Short text fragments from websites:
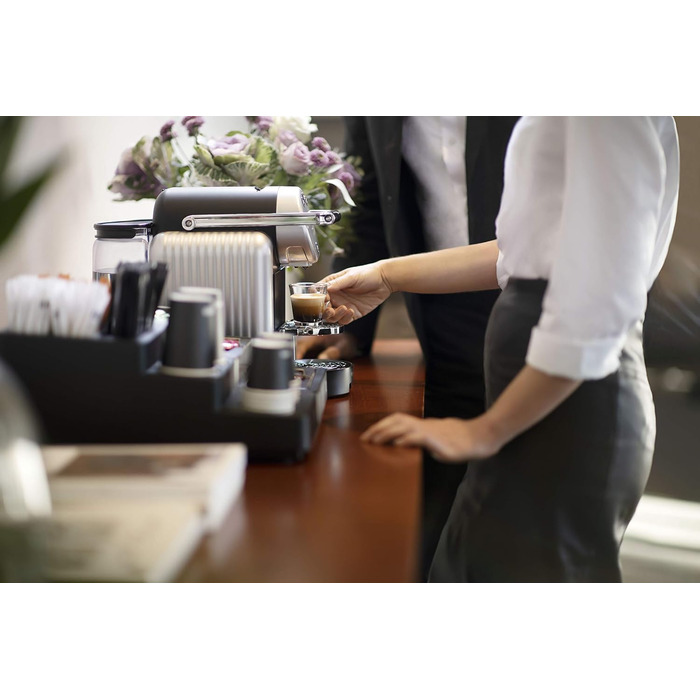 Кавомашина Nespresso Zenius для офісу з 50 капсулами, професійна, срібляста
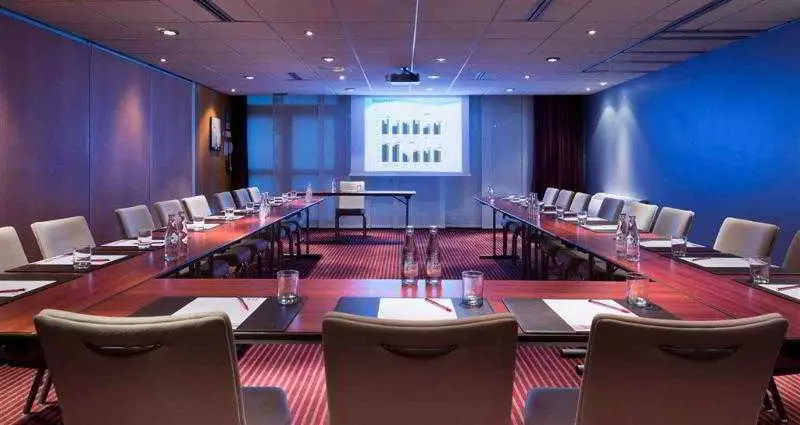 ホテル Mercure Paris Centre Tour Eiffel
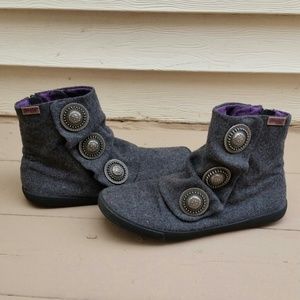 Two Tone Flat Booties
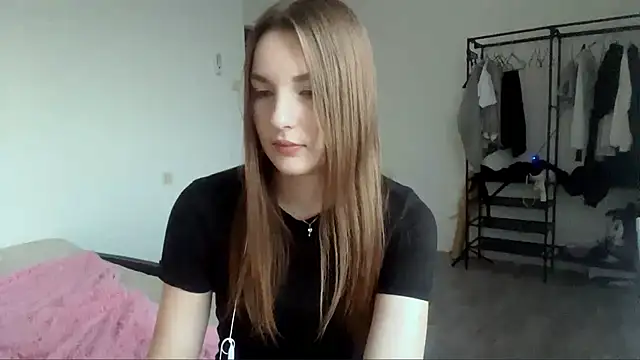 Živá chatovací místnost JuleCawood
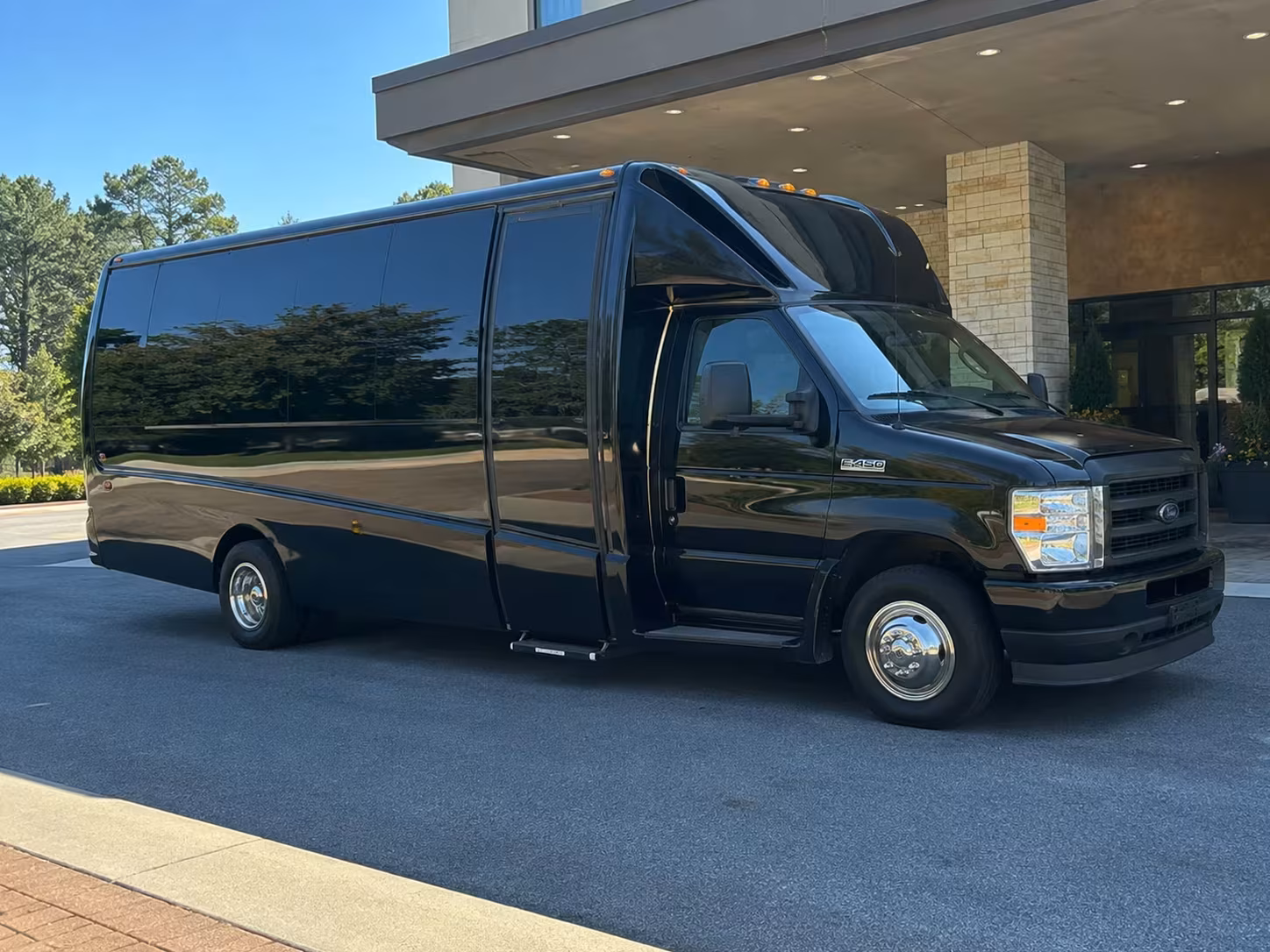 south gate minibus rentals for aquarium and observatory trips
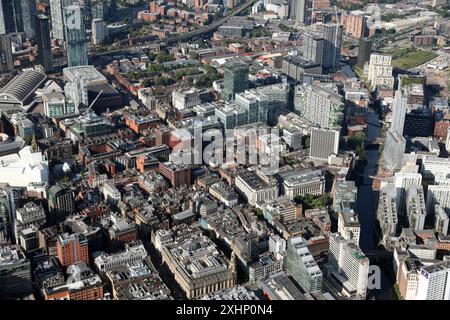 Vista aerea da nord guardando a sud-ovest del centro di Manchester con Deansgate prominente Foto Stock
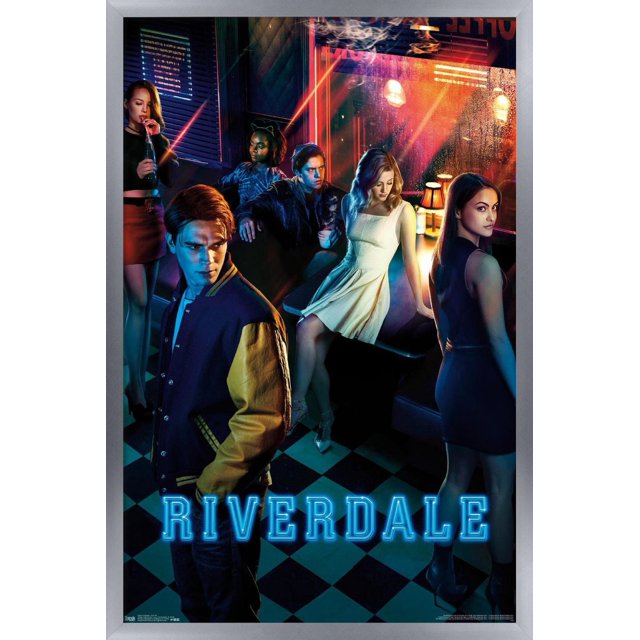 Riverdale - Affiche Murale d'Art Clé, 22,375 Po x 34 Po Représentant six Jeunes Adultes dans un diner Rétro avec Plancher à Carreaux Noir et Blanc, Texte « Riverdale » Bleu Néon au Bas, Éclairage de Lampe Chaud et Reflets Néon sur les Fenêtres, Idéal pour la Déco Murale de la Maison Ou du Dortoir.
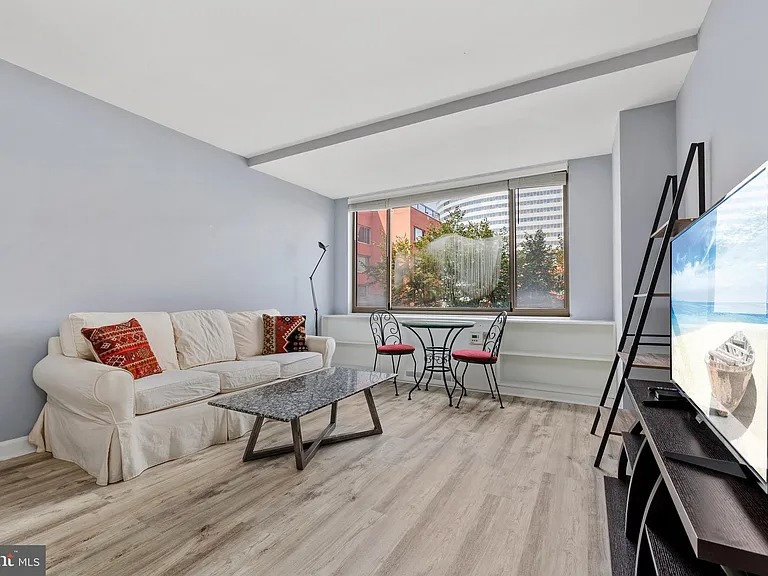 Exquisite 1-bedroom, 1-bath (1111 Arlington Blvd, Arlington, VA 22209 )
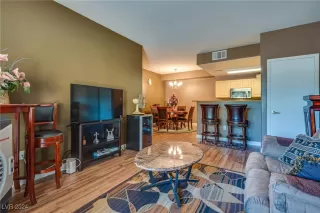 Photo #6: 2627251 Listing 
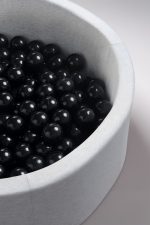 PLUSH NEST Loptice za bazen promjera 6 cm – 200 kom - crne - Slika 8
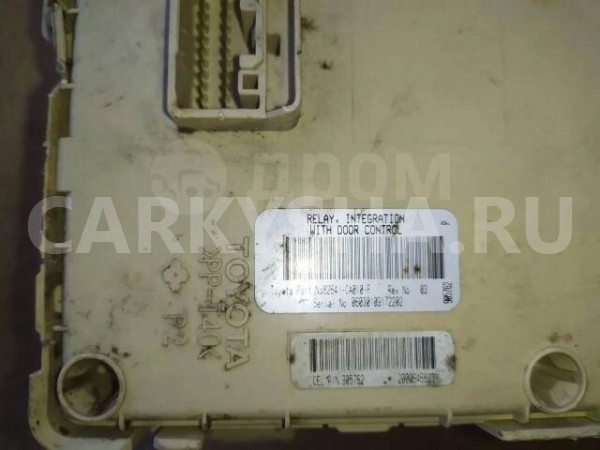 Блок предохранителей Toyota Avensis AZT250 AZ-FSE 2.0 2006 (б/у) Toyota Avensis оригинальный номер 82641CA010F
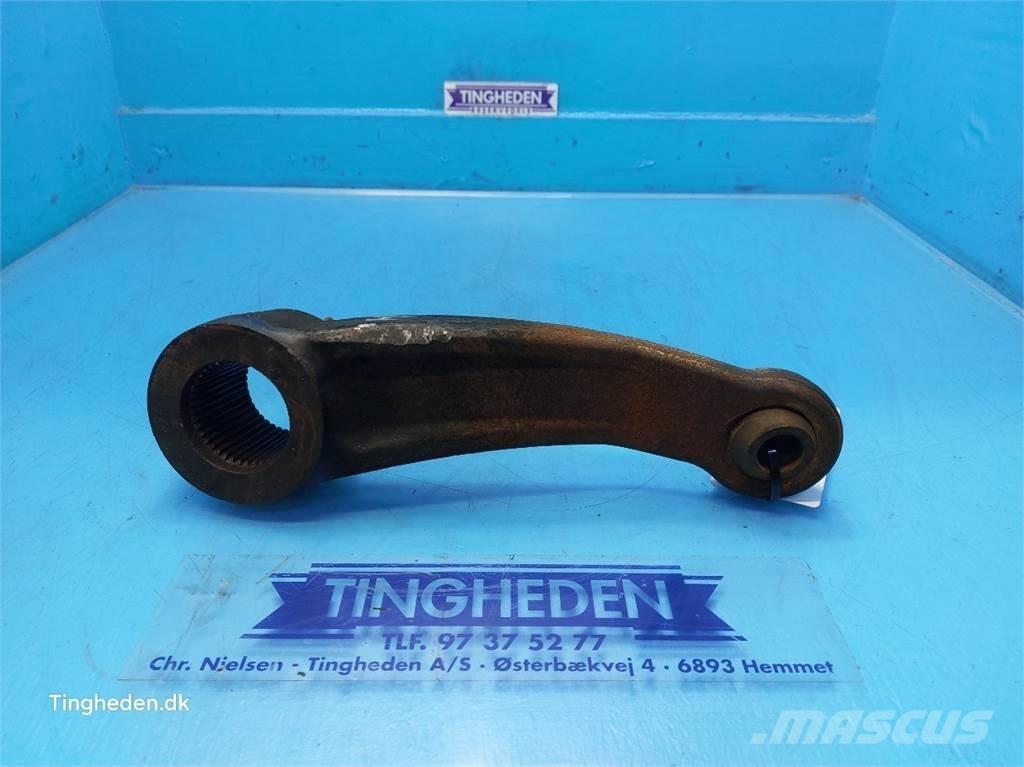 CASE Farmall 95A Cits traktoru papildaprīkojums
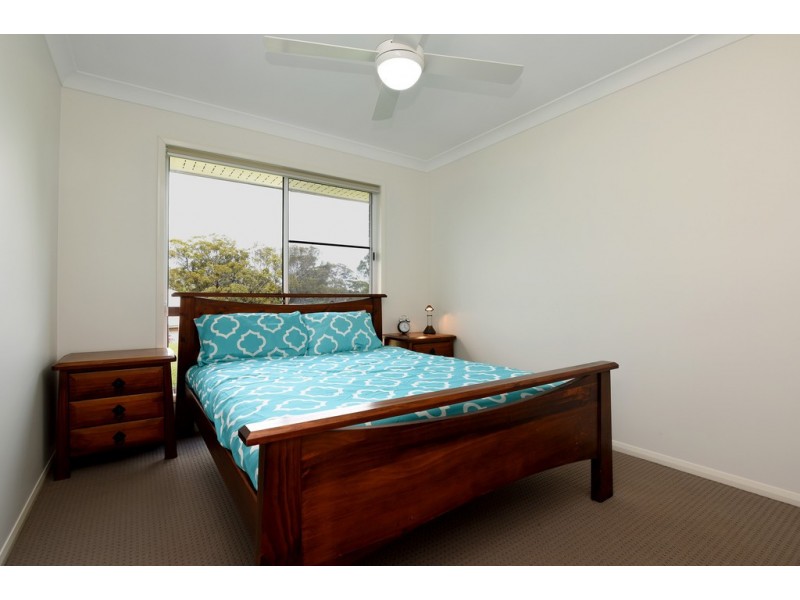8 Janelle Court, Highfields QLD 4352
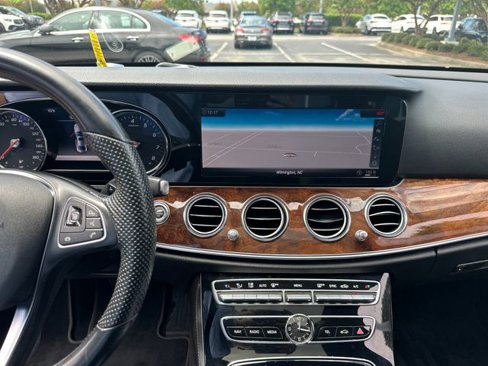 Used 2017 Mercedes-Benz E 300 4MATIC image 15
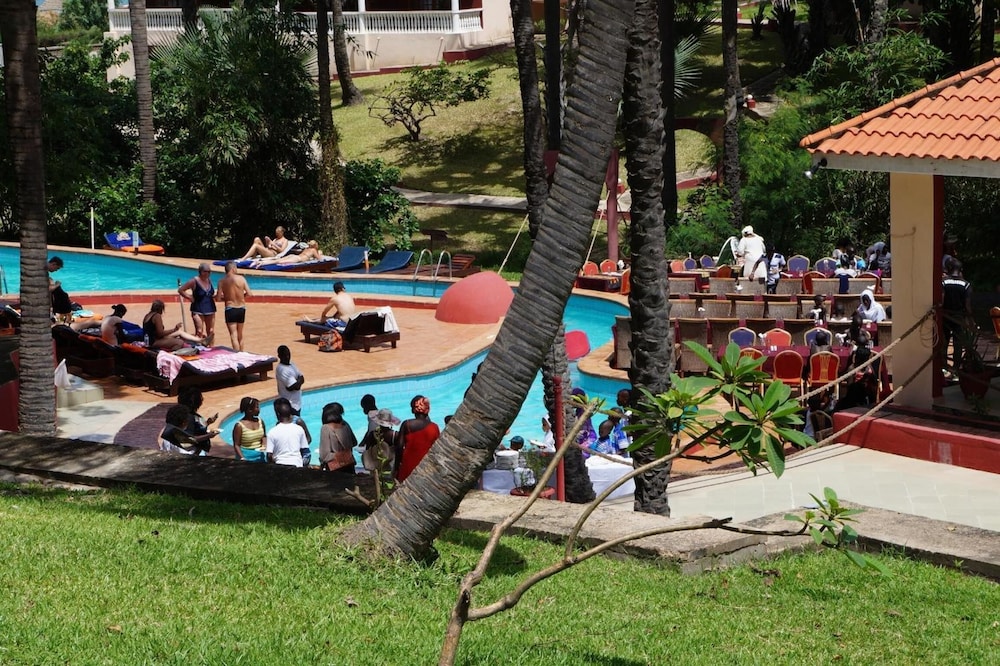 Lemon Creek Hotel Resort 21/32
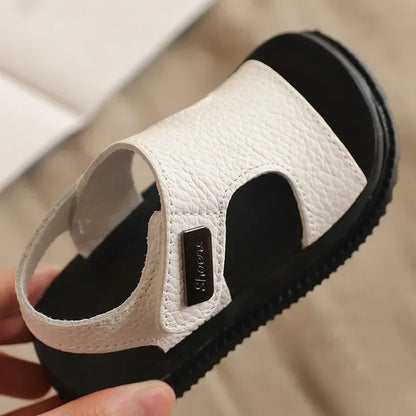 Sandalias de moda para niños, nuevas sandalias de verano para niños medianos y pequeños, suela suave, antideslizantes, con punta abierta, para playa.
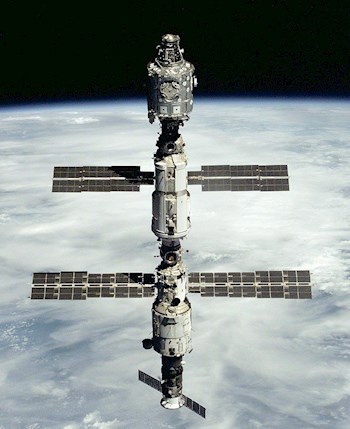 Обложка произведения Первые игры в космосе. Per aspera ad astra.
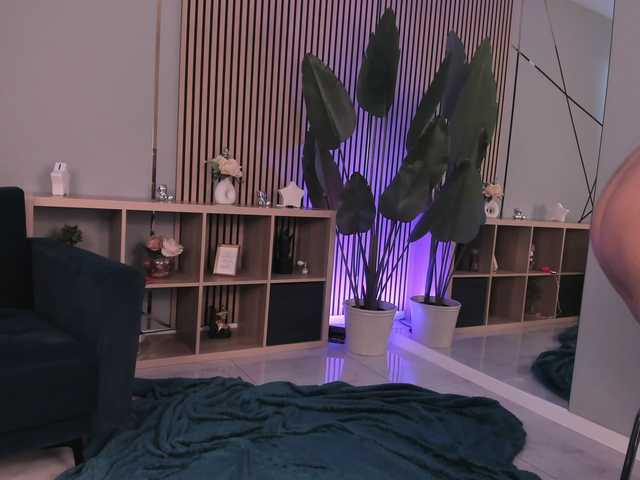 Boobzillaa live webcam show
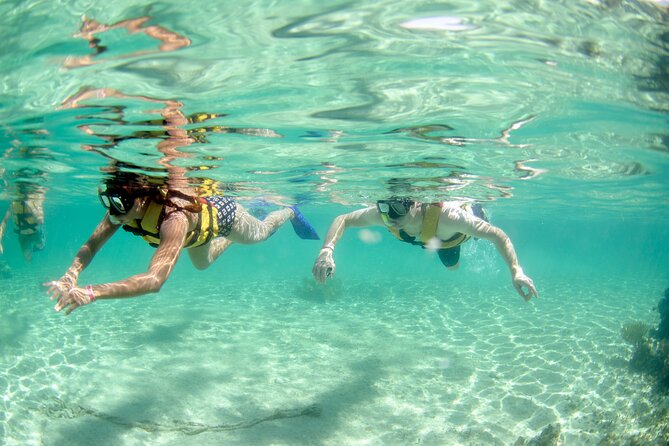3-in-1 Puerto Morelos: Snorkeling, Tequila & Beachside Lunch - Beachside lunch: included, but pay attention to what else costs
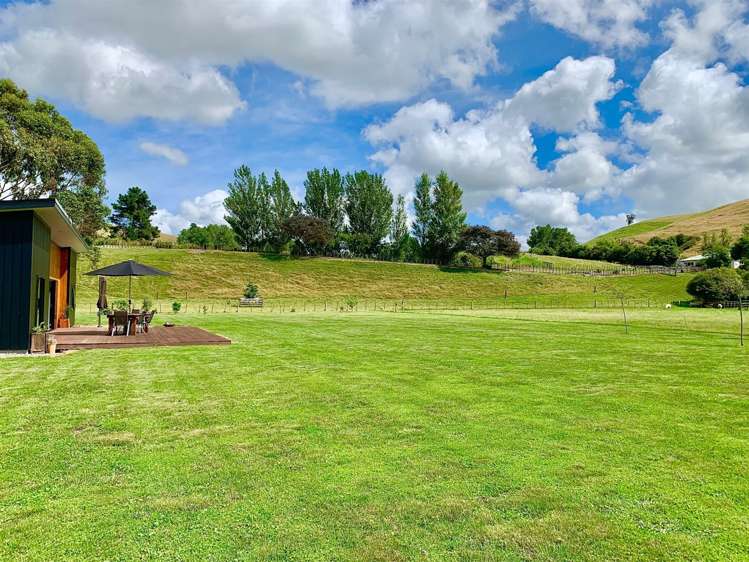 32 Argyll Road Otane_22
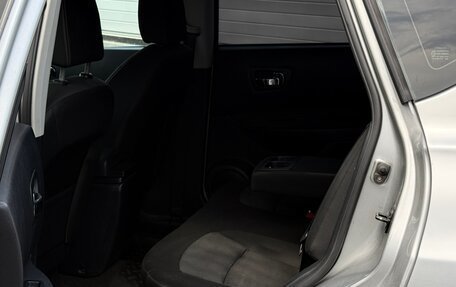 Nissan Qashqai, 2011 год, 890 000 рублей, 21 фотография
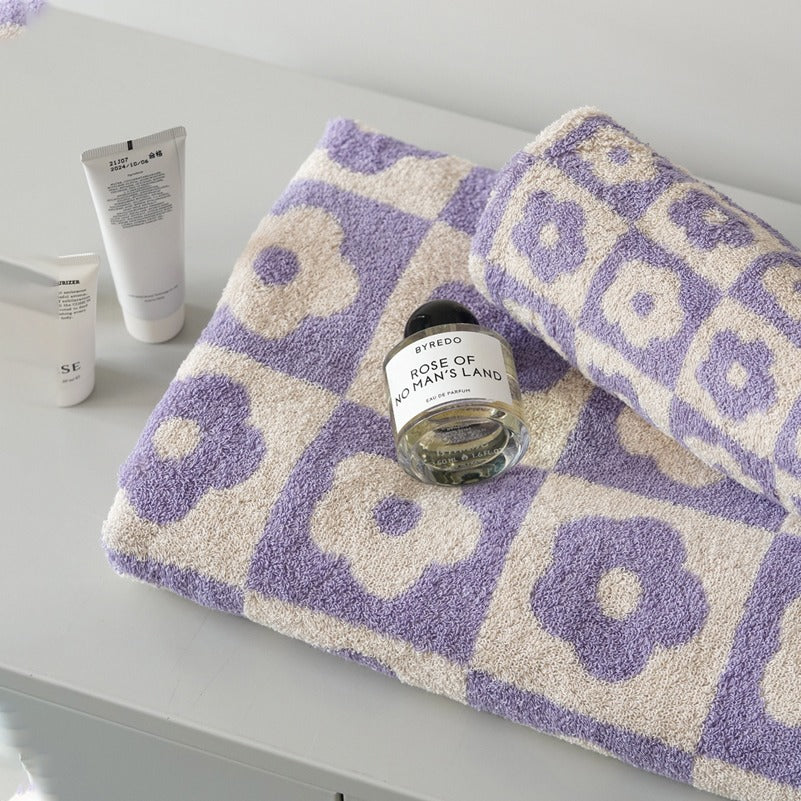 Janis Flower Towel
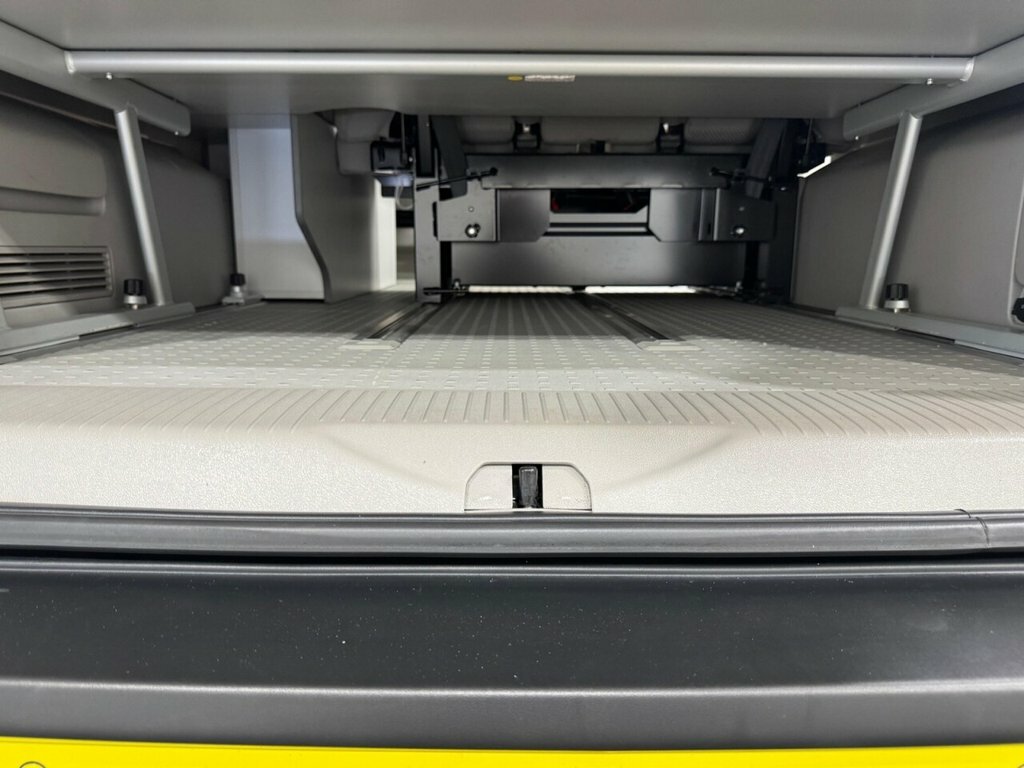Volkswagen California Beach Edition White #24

- Problem to work on -
Look above for the line containing "Photo #6: 2627251 Listing", then copy exactly from it through the line containing "Sandalias de moda", keeping both and leaving out pictures. Add nothing else.

- Answer section -
 Photo #6: 2627251 Listing 
 PLUSH NEST Loptice za bazen promjera 6 cm – 200 kom - crne - Slika 8
 Блок предохранителей Toyota Avensis AZT250 AZ-FSE 2.0 2006 (б/у) Toyota Avensis оригинальный номер 82641CA010F
 CASE Farmall 95A Cits traktoru papildaprīkojums
8 Janelle Court, Highfields QLD 4352
 Used 2017 Mercedes-Benz E 300 4MATIC image 15
 Lemon Creek Hotel Resort 21/32
 Sandalias de moda para niños, nuevas sandalias de verano para niños medianos y pequeños, suela suave, antideslizantes, con punta abierta, para playa.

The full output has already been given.